PIKNIK

Herşeyi bastıracak ‘TURUNCU’ bir rüzgar

Yayınlama: 08.04.2020
A+
A-

Hollanda gündemi artık bizim bile hızına yetişemeyeceğimiz bir hale geldi ve neredeyse Türkiye ile aynı kulvara girme yolunda. Tıpkı memleketteki gibi hızla değişiyor gündemler. Soğuk hava dalgaları ve buzlanmaları geçtik, Denk Partisi ve koronavirüs son günlerin en çok merak edileni oldu.

Bir krizden çıkmadan bir başka krize girdiğimizi geç de olsa mutlaka öğreniyoruz.

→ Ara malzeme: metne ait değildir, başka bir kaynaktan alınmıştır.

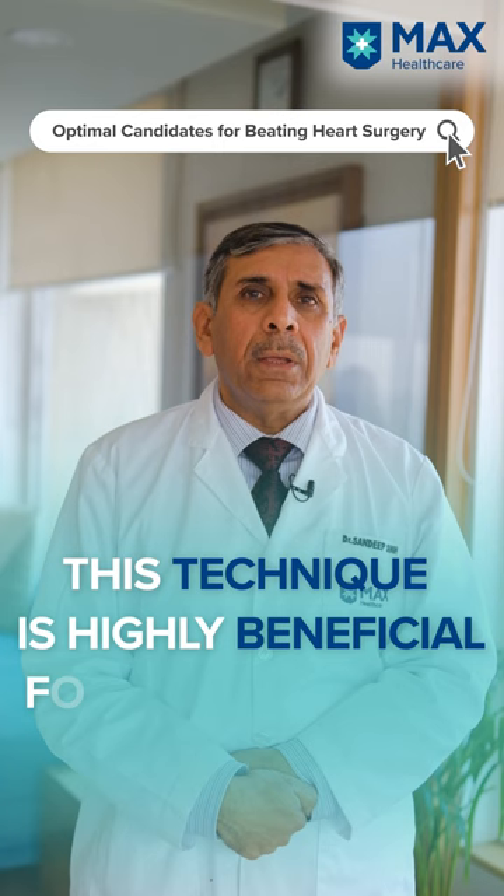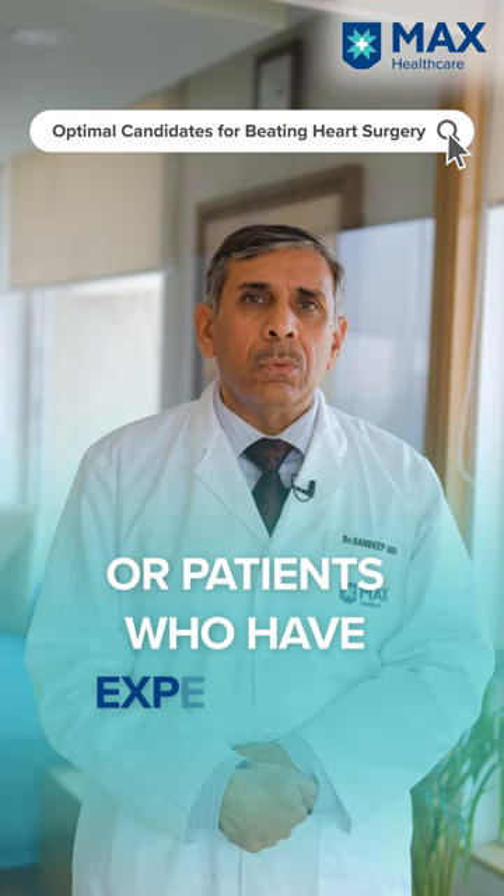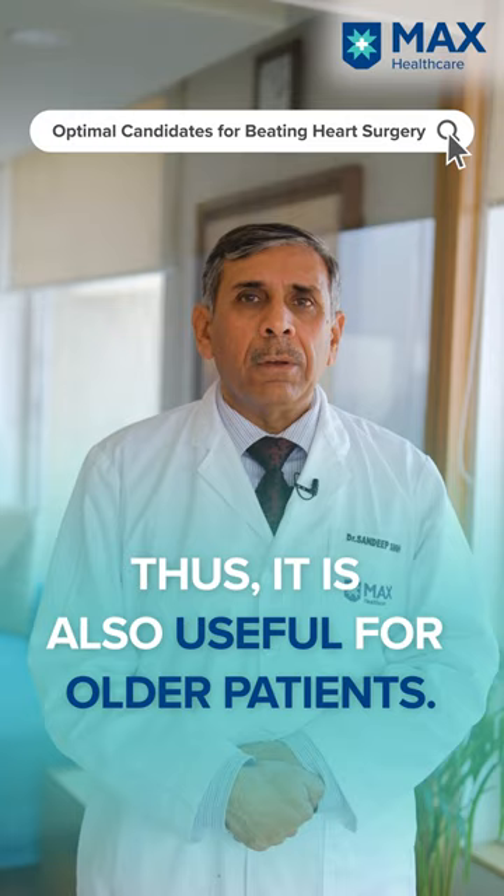This technique is really very beneficial for certain types of patients, especially patients who have very poor heart function, patients who have kidney disease, or patients who have strokes or neurological disease. That's why it is also beneficial for patients who are really old.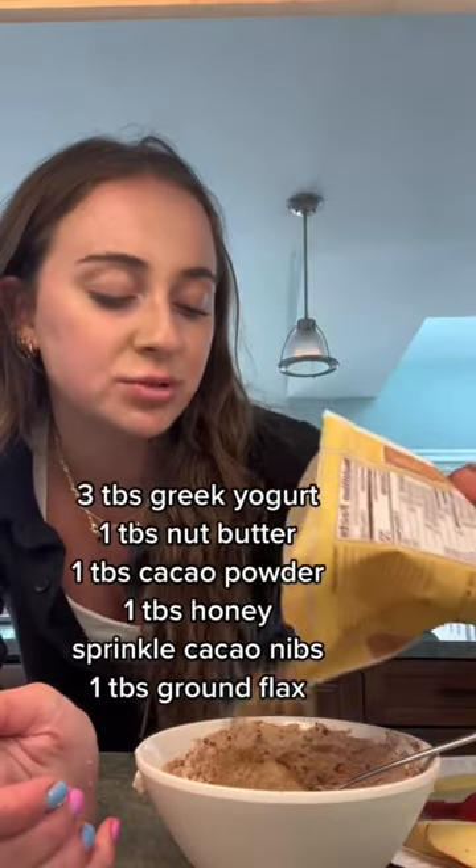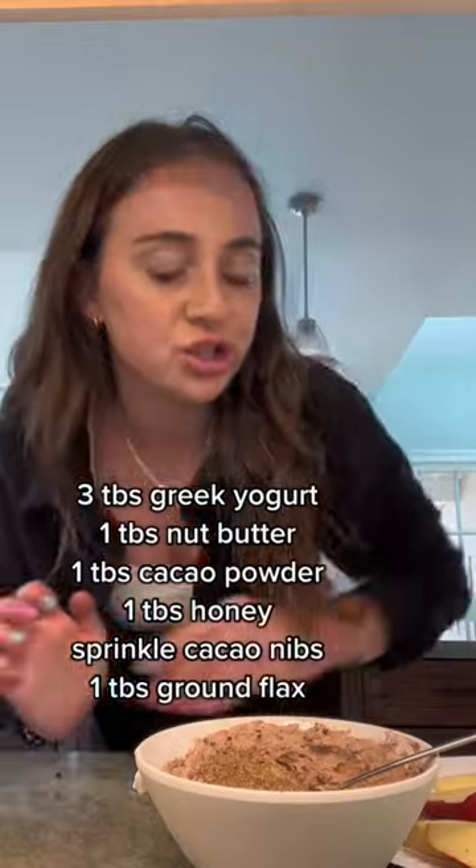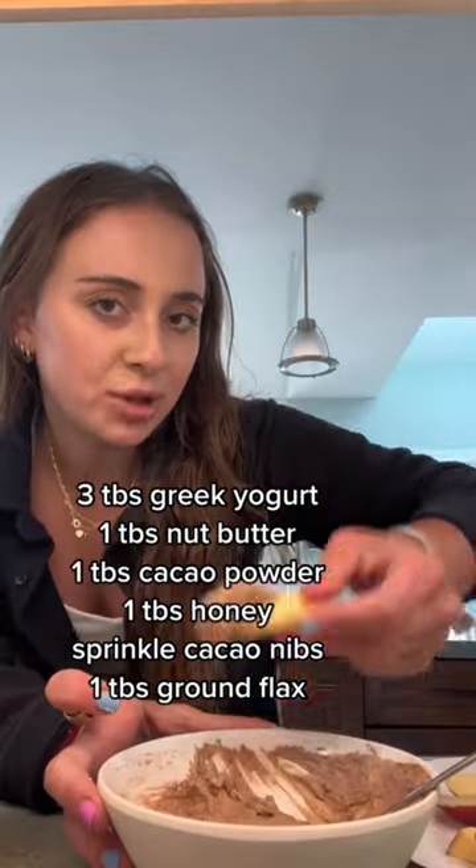A sprinkle of ground flax is really great — it's good for estrogen regulation. So now you have this chocolate mousse dip thing and an apple. You can eat this any phase; it's a good high-protein balanced snack, but it's extra helpful during your luteal phase.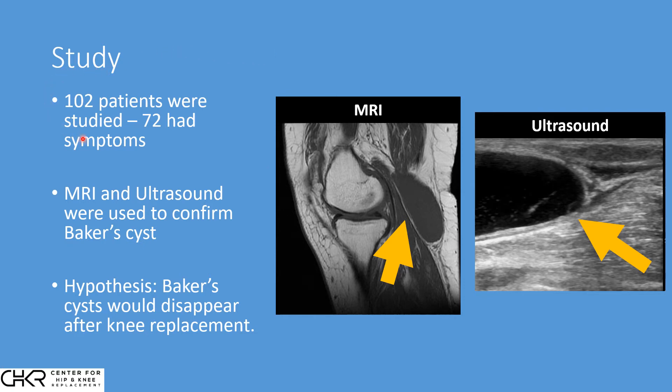What they did is look at 102 patients with Baker cysts who were scheduled to have knee replacement. All these patients had an MRI prior to surgery. Looking at an MRI, we can see the femur, the tibia, the front of the knee, muscle, and this gray sac in the back — that's the Baker cyst, all fluid accumulated from the grinding joint. All patients had an MRI confirming a Baker cyst, and then a secondary ultrasound study to confirm the size and volume. Their hypothesis was that this cyst would disappear after knee replacement.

Avrupa genelinde devam eden ekonomik kriz dalgalarına artık neredeyse alıştık. Heryeri ve herkesi sarsıyor gibi görünen bu krizlerin ardındaki asıl gücün ve dümendekilerin kim ve ya da hangi devletler olduğu belirsizliğini hala korurken akıllarda duran soru, bir anda ortadan yok olan hesapsız paranın ve bunların ürettiği gücün nerede, nasıl ve kimler tarafından kullanıldığıdır. Bunu koronavirüs sayesinde bir kez daha anladık.

İSTİLACI BATI’NIN GENLERİNDEKİ SÖMÜRGE ZİHNİYETİ

Fransızların son Mali işgali, Hollanda’nın Irak’taki F-16 meselesi ve akıllarda en taze olan, Almanya’nın Berlin Eyaleti’nin korona salgınıyla mücadele etmek için satın aldığı 200 bin maskeye birkaç gün önce Tayland’ın başkenti Bangkok’ta ABD’nin el koyması. Bunlar bize bir kez daha gösterdi ki Batı genlerinde hala ortaçağdan kalma istilacı ve sömürgeci zihniyeti yaşatıyor ve gerek gördüklerinde, menfaatlerine dokunulduğunda hiç tereddüt etmeden şehirleri ve sivilleri bombalayabiliyorlar ya da el koyabiliyorlar. Bundan bir kaç yıl önce yeni bir Afganistan oluşma tehlikesine dikkat çeken uzmanlar Mali krizinde Fransa’nın güç kullanımını eleştiriyorlardı. Ancak ekonomik ve siyasi olarak bu şova ihtiyaç duyan Fransa, tüm Avrupa’ya pazarladığı uranyum madenlerinin yönetimini kuklalarından başkasına bırakmaya niyetli görünmüyordu.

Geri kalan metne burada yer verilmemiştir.